Festive family tradition
For many families and organizations, “adopting” and decorating a tree together is an annual tradition.
Folks spend time picking out the right tree, the right decorations, the right coordinating sweaters. It’s just like any other holiday gathering except you’re standing on the side of the road with vehicles zooming by you at 60mph.
Tips for decorating a tree
Since decorating a roadside tree during the holidays isn’t an organized event, it’s hard to figure out what you can and can’t do.
We’ve put together a list of tips and unspoken rules to make sure you stay off the naughty list.
- Don’t get distracted by your shiny tinsel.

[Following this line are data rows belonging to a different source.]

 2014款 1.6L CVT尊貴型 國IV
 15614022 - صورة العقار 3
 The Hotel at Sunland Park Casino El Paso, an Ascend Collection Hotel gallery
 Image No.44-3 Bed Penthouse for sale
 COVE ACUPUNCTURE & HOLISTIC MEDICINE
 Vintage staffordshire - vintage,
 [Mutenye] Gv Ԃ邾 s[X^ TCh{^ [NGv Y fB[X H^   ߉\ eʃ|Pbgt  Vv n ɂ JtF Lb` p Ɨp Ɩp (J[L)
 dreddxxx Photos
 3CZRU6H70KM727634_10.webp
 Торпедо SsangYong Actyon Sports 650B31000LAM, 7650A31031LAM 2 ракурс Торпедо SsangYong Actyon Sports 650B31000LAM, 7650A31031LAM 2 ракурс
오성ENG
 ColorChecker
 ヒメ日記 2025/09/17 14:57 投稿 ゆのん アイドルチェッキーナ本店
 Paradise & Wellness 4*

Safety matters when you’re decorating a tree on a busy street, so you must be vigilant at all times.
- Give yourself as much room as possible. Choosing a flat stretch of road with a tree that’s 30-40 feet off the road is optimal.
- Think Las Vegas! Decorating your tree with big, bright, shiny objects work the best — anything that sparkles during the daylight hours.

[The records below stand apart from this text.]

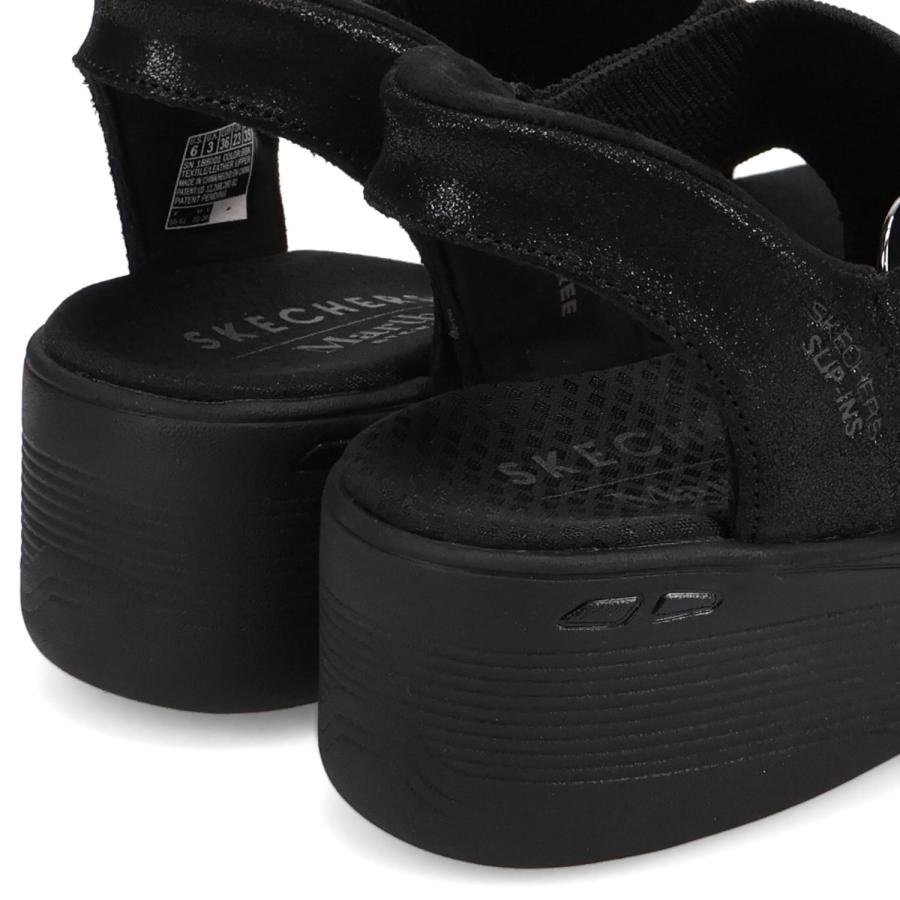 SKECHERS（スケッチャーズ） スリップインズ マーサ・スチュワート
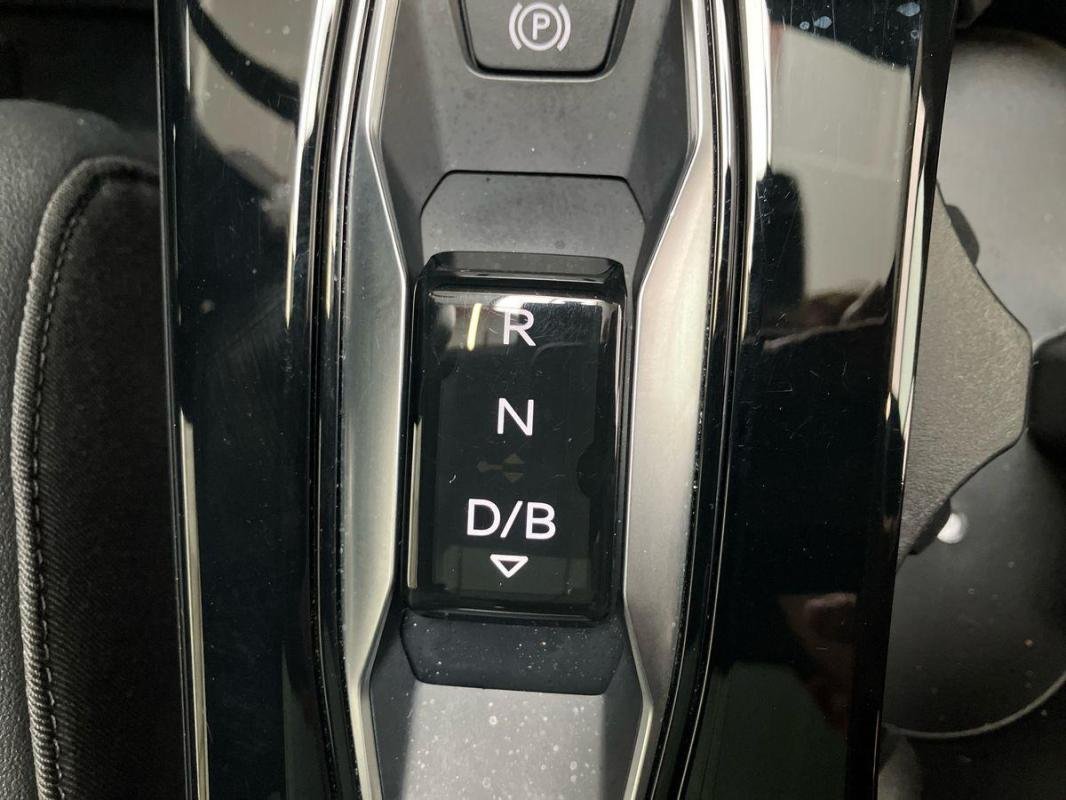 Audi q6 e-tron - Photo 8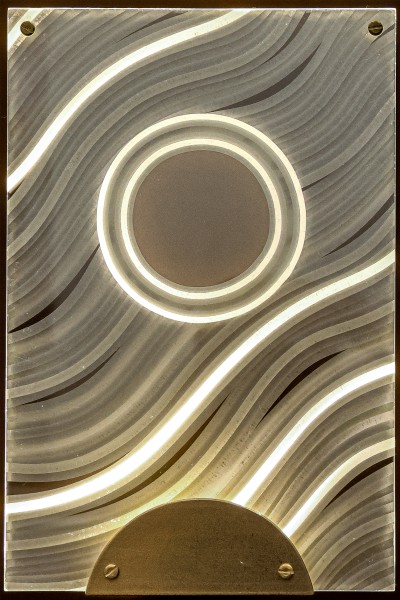 LOT 6 -The Reflective Moon.jpg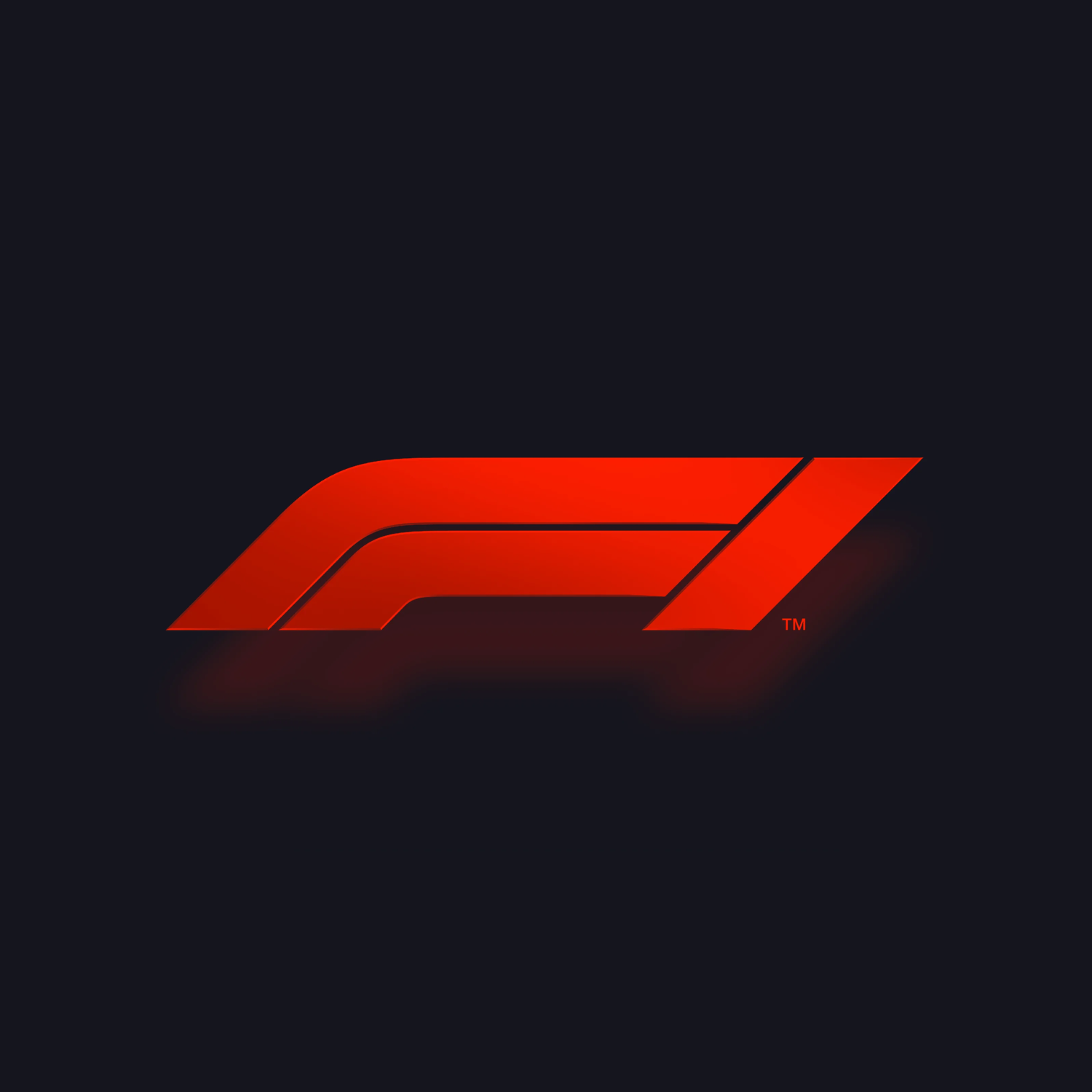 Formula 1 F1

- Themed roadside trees are perf. If you’re a matchy-matchy kinda gal who happens to love all-things dolphins, this is your time to shine.
- Consider the elements when you’re shopping for your decorations, because things like wind and rain can be problematic. Which leads us to #6 …
- Take plenty of string to fasten decorations in place. You don’t want a few gusts of wind to immediately turn your pretty decorations into fancy trash.
- Please don’t spam us with your tree. There’s a difference between showing support for your organization in a festive creative way and using your tree like it’s an annoying pop-up ad.
- Mind your perennial plant manners. Decorations left up after January 1st become litter, so clean up your tree as soon as the holiday season ends.
- No, we’re really serious about #8! Driving by sad, forgotten decorations in February puts nobody in a festive mood. Keep it classy, LT.
- We were just kidding about the Shutterfly sign-up sheet.
Speaking of live trees
If you have real Christmas trees at your home that you need to dispose of after the holidays, here are recycling options in the Lake Travis area:
Christmas trees that will be recycled can be taken to the Lakeway Public Works facility, 3303 Serene Hills Drive, through January 8, 2018. Public Works is next to the Serene Hills Elementary School.
Waste Connections (formerly Progressive Waste Solutions) will take Christmas trees that are placed at the curb. They must be free of decorations and be cut into 3-foot sections.